Boulder, CO, Oct. 10, 2001--Ever since the first humans made it down a snowy mountainside on a pair of skis, skiers have dreaded the off-season. Now, thanks to the Indo Board, skiers have a way to keep their coordination skills from getting as rusty as the edges of skis in the garage.
Envisioned by the company's founder as a way to practice surfing on dry land, the Indo Board is not as easy to ride as it looks. In fact, teenage surfer Hunter Joslin landed hard on his back when trying to balance himself on the first prototype in 1965. Indo Board's web site claims that most people can learn the basics in about fifteen minutes. I wasn't part of that average group. Perhaps I failed to heed the manufacture's warnings--I had neither a spotter to help me learn how to keep my balance on the board, nor a six-foot area to ride in. When I slipped off the board I hit the floor with my rib cage and only narrowly missed the corner of my desk. Later, (with the help of a spotter and thicker carpet to help control the speed of the roller) I was able to at least maintain balance and feel my quads start to burn.

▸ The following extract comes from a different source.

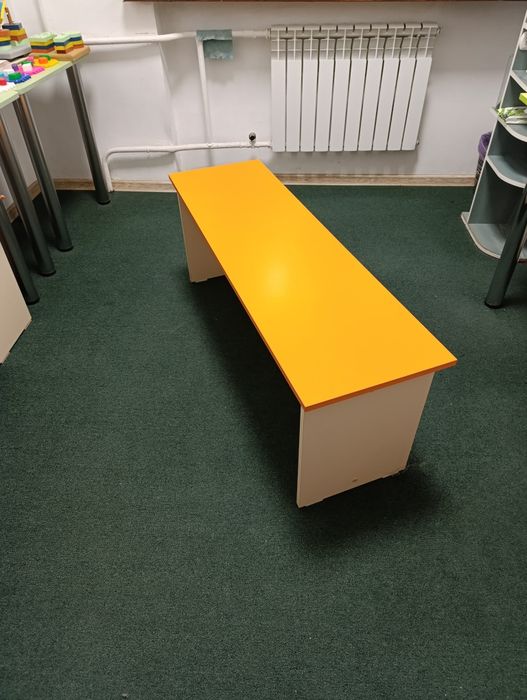 Продам столики, табуретки, скамейка, угловая полка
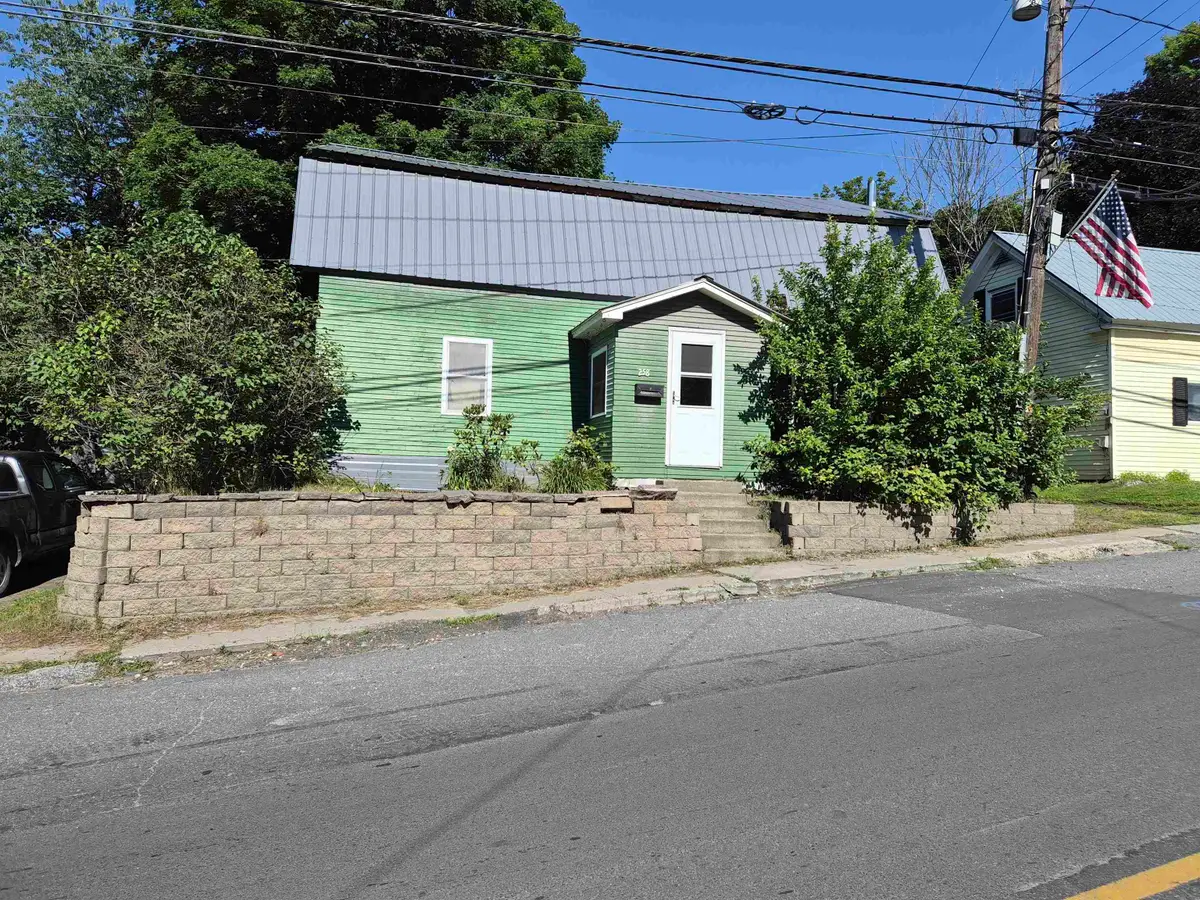 258 North Main Street, Northfield, VT 05663 - #1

This fun training tool that can humble the most accomplished skiers. Wakeboarders, skateboarders, surfers, and snowboarders fair best on the board. The web site claims the board is a valuable tool for everything from field hockey to water-skiing.
The Indo Board comes in a number of variations. I tried the Original Indo Board, but other designs include the Pro and Kicktail models for pro riders to hone their grab and ollieing skills. For an extra ten bucks the Original Indo Board is available with black, green, blue, and orange graphics.